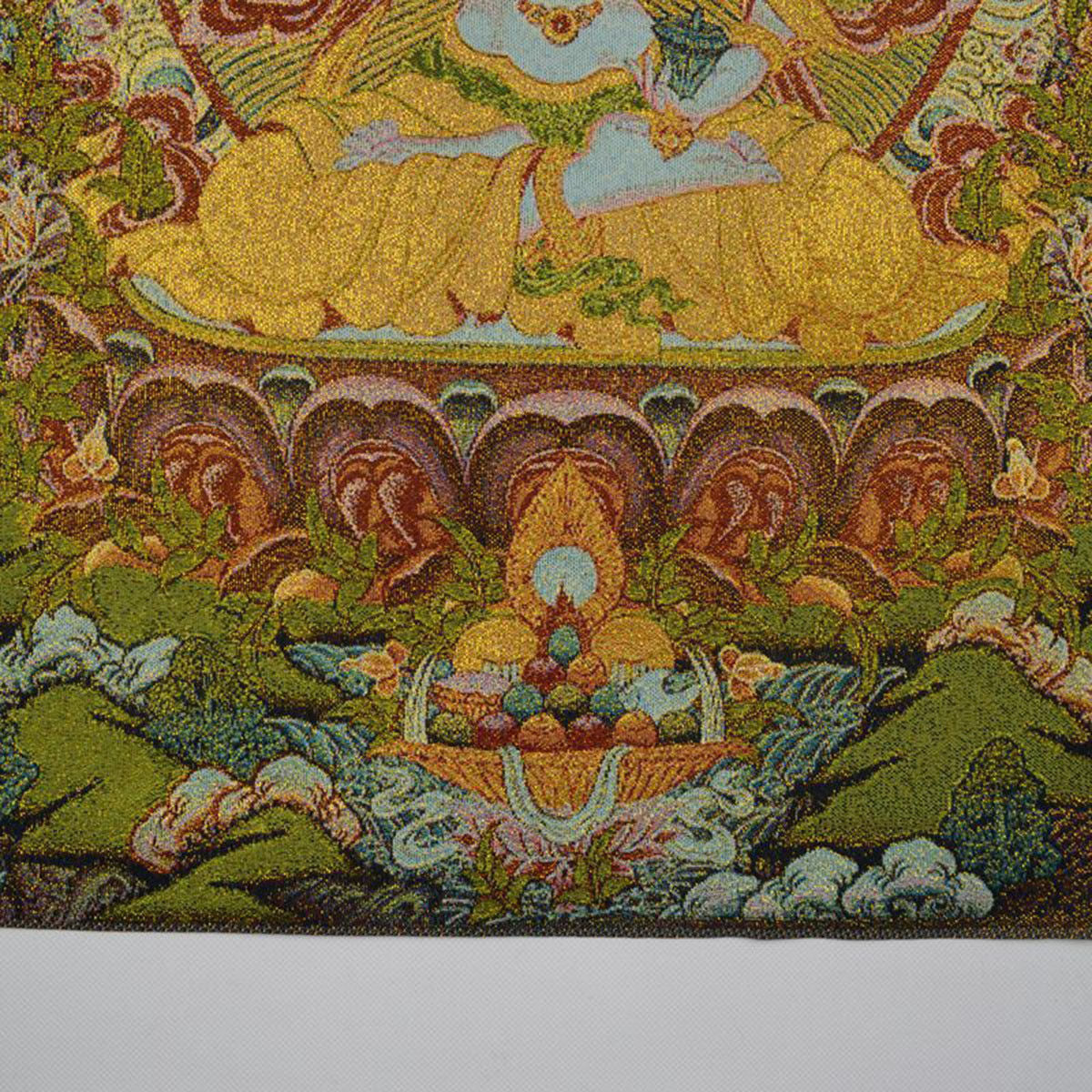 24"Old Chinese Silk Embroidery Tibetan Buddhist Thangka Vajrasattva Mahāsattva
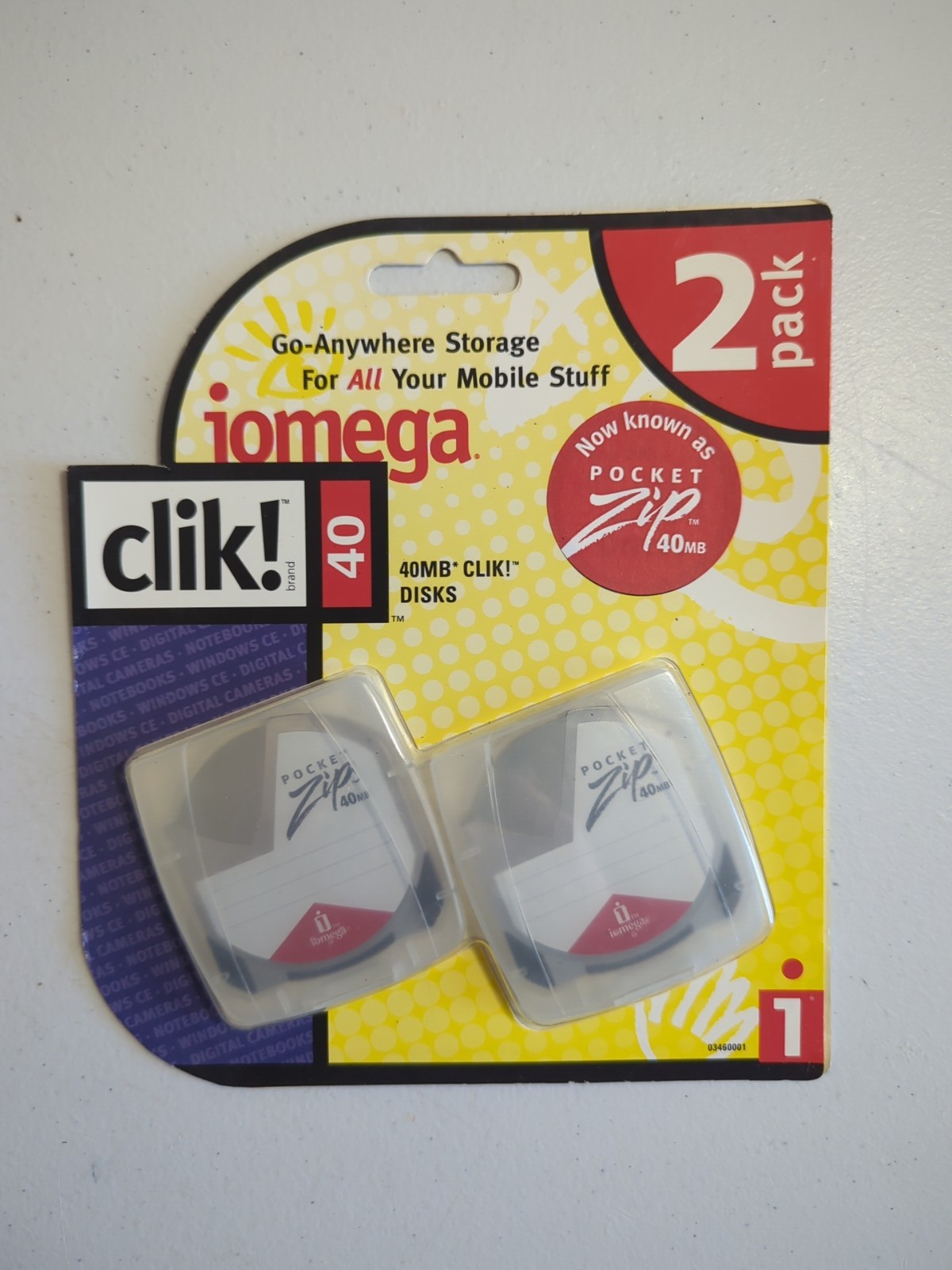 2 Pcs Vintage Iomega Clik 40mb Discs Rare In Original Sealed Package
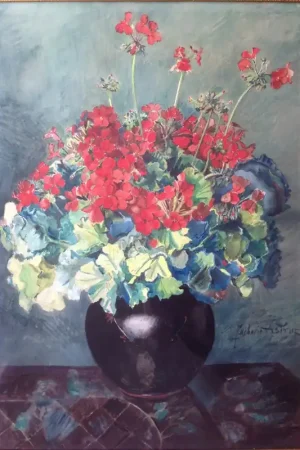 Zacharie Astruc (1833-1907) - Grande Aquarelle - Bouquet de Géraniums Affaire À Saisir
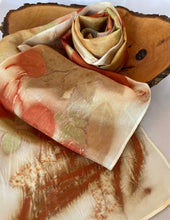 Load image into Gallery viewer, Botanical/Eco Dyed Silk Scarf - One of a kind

==

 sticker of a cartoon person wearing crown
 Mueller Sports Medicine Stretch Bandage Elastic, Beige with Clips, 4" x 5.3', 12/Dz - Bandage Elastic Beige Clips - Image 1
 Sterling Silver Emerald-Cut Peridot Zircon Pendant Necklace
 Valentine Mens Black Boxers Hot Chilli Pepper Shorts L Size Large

...

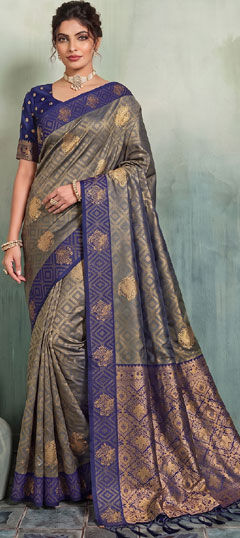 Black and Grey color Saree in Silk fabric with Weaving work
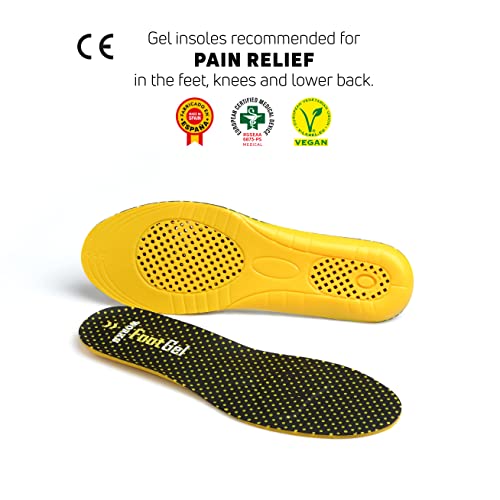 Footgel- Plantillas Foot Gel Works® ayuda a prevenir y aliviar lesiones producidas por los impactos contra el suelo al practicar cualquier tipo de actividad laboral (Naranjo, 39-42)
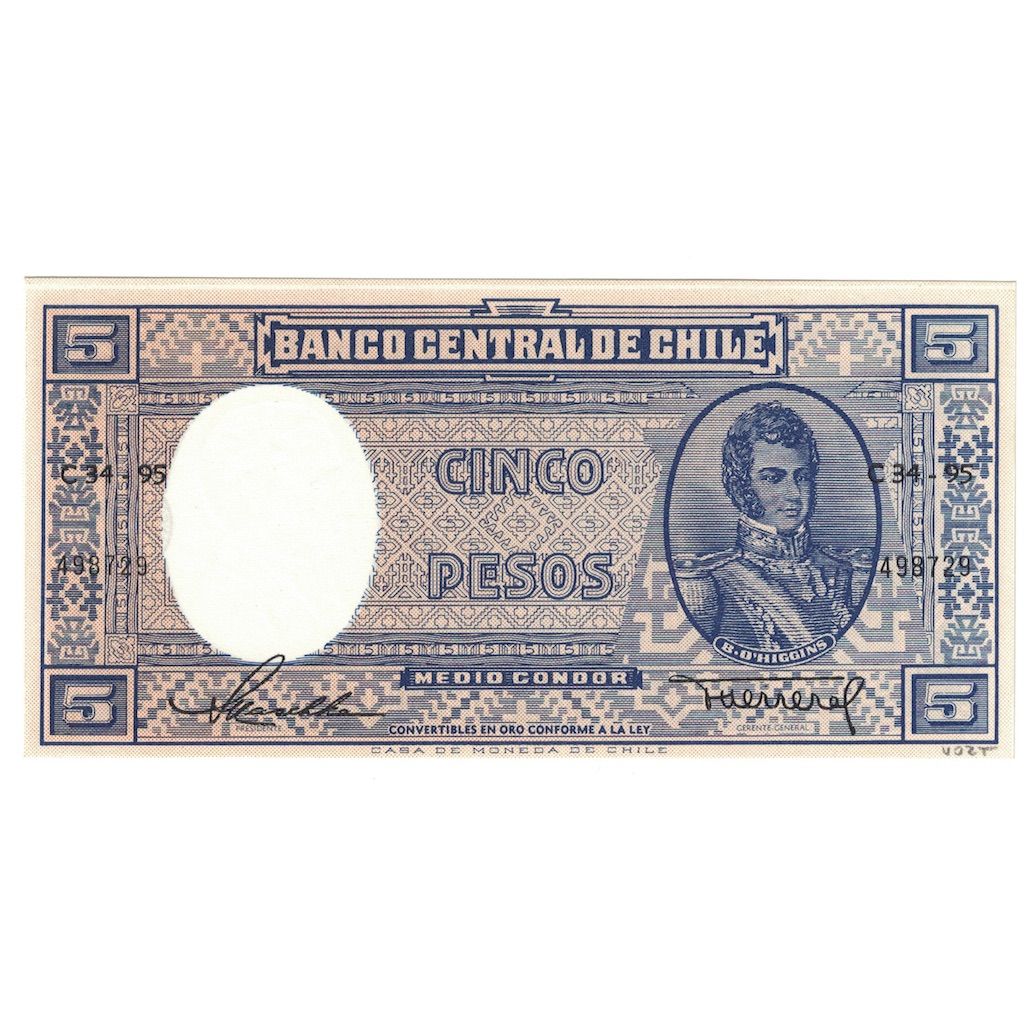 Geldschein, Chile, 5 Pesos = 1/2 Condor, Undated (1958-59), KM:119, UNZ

Try it: Repeat exactly the stretch of the listing above that starts with the line holding "Zacharie Astruc (1833-1907)" and finishes with the line holding "Load image into", both included. Skip every picture.

Task response:
 Zacharie Astruc (1833-1907) - Grande Aquarelle - Bouquet de Géraniums Affaire À Saisir
 Load image into Gallery viewer, Botanical/Eco Dyed Silk Scarf - One of a kind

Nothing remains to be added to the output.